While “cricket Twitter” has focused on the irreverent – the player, Marnus Labuschagne, with the toasted cheese sandwich in his pocket – the Herald and The Age’s report detailing the coach’s intense management style on the weekend has created plenty of chatter among insiders.
In the hours after the story was published, Langer sent a message to the players’ WhatsApp group expressing his disappointment dirty laundry had been aired in public, and calling for the team to unite.
Langer would not be only sports coach to be frustrated events inside the so-called “four walls” have become public. Nor is this the first time, Langer having previously questioned how selections involving a particular player continued to get out.

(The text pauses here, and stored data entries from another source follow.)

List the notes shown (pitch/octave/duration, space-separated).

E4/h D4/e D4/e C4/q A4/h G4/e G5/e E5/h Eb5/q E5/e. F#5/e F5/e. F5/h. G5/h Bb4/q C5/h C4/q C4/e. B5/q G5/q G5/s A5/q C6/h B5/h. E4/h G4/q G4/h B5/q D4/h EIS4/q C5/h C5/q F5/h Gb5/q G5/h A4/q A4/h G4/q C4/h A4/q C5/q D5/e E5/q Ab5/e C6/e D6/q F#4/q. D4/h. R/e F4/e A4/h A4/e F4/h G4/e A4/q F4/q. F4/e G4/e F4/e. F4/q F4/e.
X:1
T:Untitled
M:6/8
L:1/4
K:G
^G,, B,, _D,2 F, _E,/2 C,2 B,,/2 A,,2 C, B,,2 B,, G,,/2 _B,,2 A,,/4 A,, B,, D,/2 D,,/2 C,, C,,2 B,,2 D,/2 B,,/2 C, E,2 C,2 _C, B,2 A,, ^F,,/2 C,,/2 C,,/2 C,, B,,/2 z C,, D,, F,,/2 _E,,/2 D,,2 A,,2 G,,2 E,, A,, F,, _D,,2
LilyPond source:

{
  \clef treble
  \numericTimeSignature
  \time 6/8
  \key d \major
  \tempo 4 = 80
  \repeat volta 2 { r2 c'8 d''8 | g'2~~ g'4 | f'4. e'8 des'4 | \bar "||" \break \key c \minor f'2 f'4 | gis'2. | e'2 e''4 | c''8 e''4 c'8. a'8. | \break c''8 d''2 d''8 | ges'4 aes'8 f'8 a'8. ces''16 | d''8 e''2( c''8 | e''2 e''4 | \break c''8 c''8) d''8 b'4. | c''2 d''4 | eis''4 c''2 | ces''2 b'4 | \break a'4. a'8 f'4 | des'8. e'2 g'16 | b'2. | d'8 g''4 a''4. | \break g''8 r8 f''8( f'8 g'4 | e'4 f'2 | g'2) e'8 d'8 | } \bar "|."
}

In the days and weeks to come, perhaps he will ponder why the environment he has fostered has not encouraged players to approach him directly about his management style.
There are varying accounts as to the degree of player consternation about the coach but Cricket Australia could not be more clear in their insistence Langer’s job is not at risk. However, it would not be wise for head office to ignore this ongoing episode.
His players do not need someone to, in Langer’s words, “tickle their stomachs” – they can readily accept criticism – but they want a leader not prone to mood swings whose intensity leaves them walking on eggshells.
Langer’s intensity, passion and discipline have been the cornerstone for his considerable success in the game but this is one of those times where his strength is also a weakness.
His style was more suited to the first 12 months of his reign, when six players were handed baggy greens. This is no longer a developing side but largely a team of seasoned internationals, several of whom are destined to finish with even more accomplished records than Langer’s.
As a player who had all but retired four years ago, captain Tim Paine is more grounded than most players and seen as someone who is better equipped to handle Langer, though he now finds himself wedged, needing to show his support of the coach while also recognising the disquiet in the dressing room.
That he and the coach share the same management company adds another layer of complexity to the issue.
As seen in the Cricket Australia-commissioned Amazon documentary The Test, Langer’s manner has been a source of unease since the early days of his tenure – particularly when the side loses, a largely foreign concept through his illustrious Test career – but he has shown he can change.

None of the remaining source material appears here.